The objective of this project is to analyze and predict, through the use of supervised and unsupervised machine learning methods, the potability of water from data in the 'drinking water potability' dataset. The project is divided into 3 parts:
- Exploratory Data Analysis (EDA). This is the phase in which an exploratory analysis of the entire dataset is carried out. Initially, the individual variables in the dataset will be analyzed, showing their main statistical metrics (mean, standard deviation, quartiles, minimum and maximum values, etc.), the presence or absence of missing values, and, if they are present, the consequent action to be taken (computation, replacement with mean/median, etc.). Then a multivariate analysis will be carried out, with the aim of looking for possible relationships (collinearity and/or multicollinearity) between the variables.
The jupyter notebook related to this step can be found at the following: link.
At the end of the analysis, the results will be displayed and from them a python script will be written containing a module with functions that will be useful both in the preprocessing phase and in the construction and evaluation of models.
The scripts inherent to Data Scaling and Preprocessing and Model-building phase can be found at the following: prep. - Model-building phase. In this one will try to build a machine learning model that can classify/predict the output of the target variable 'Potability'. To do this, supervised and non-supervised learning techniques will be applied.
The jupyter notebook related to model construction using supervised learning techniques can be found at the following link: supervised.
The jupyter notebook related to building the model using the unsupervised learning techniques can be found at the following link: unsupervised. - Evaluation phase. In this phase, the metrics obtained from the various models will be compared and the model that obtained the highest results will be chosen.
You can view and download the dataset at the following: link
Access to safe drinking water is essential to health, a basic human right, and a component of effective policy for health protection. This is important as a health and development issue at a national, regional, and local level. In some regions, it has been shown that investments in water supply and sanitation can yield a net economic benefit, since the reductions in adverse health effects and health care costs outweigh the costs of undertaking the interventions.

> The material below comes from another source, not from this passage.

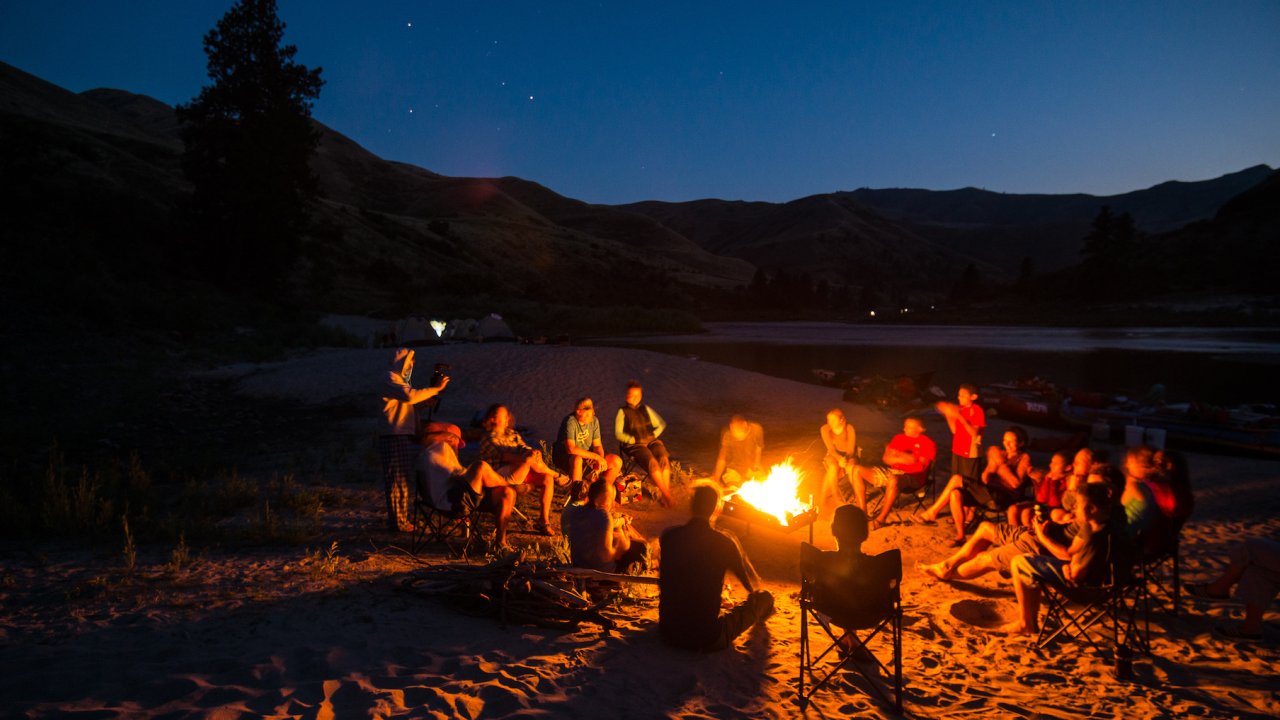 Group of people around a campfire on a sandy beach along a river in Idaho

The drinkingwaterpotability.csv file contains water quality metrics for 3276 different water bodies.
-
pH value: PH is an important parameter in evaluating the acid-base balance of water. It is also the indicator of the acidic or alkaline condition of water status. WHO has recommended the maximum permissible limit of pH from 6.5 to 8.5. The current investigation ranges were 6.52–6.83 which are in the range of WHO standards.
-
Hardness: Hardness is mainly caused by calcium and magnesium salts. These salts are dissolved from geologic deposits through which water travels. The length of time water is in contact with hardness-producing material helps determine how much hardness there is in raw water. Hardness was originally defined as the capacity of water to precipitate soap caused by Calcium and Magnesium.
-
Solids (Total dissolved solids - TDS): Water has the ability to dissolve a wide range of inorganic and some organic minerals or salts such as potassium, calcium, sodium, bicarbonates, chlorides, magnesium, sulfates, etc. These minerals produced an unwanted taste and diluted color in the appearance of water. This is the important parameter for the use of water. The water with a high TDS value indicates that water is highly mineralized. The desirable limit for TDS is 500 mg/l and the maximum limit is 1000 mg/l which is prescribed for drinking purposes.
-
Chloramines: Chlorine and chloramine are the major disinfectants used in public water systems. Chloramines are most commonly formed when ammonia is added to chlorine to treat drinking water. Chlorine levels up to 4 milligrams per liter (mg/L or 4 parts per million (ppm)) are considered safe in drinking water.
-
Sulfate: Sulfates are naturally occurring substances that are found in minerals, soil, and rocks. They are present in ambient air, groundwater, plants, and food. The principal commercial use of sulfate is in the chemical industry. Sulfate concentration in seawater is about 2,700 milligrams per liter (mg/L). It ranges from 3 to 30 mg/L in most freshwater supplies, although much higher concentrations (1000 mg/L) are found in some geographic locations.
-
Conductivity: Pure water is not a good conductor of electric current rather’s a good insulator. An increase in ions concentration enhances the electrical conductivity of water. Generally, the amount of dissolved solids in water determines electrical conductivity. Electrical conductivity (EC) actually measures the ionic process of a solution that enables it to transmit current. According to WHO standards, EC value should not exceed 400 μS/cm.
-
Organic_carbon: Total Organic Carbon (TOC) in source waters comes from decaying natural organic matter (NOM) as well as synthetic sources. TOC is a measure of the total amount of carbon in organic compounds in pure water. According to US EPA < 2 mg/L as TOC in treated / drinking water, and < 4 mg/Lit in source water which is use for treatment.
-
Trihalomethanes: THMs are chemicals that may be found in water treated with chlorine. The concentration of THMs in drinking water varies according to the level of organic material in the water, the amount of chlorine required to treat the water, and the temperature of the water that is being treated. THM levels up to 80 ppm are considered safe in drinking water.
-
Turbidity: The turbidity of water depends on the quantity of solid matter present in the suspended state. It is a measure of the light-emitting properties of water and the test is used to indicate the quality of waste discharge with respect to the colloidal matter. The mean turbidity value obtained for Wondo Genet Campus (0.98 NTU) is lower than the WHO recommended value of 5.00 NTU.
-
Potability: Indicates if water is safe for human consumption where 1 means Potable and 0 means Not potable.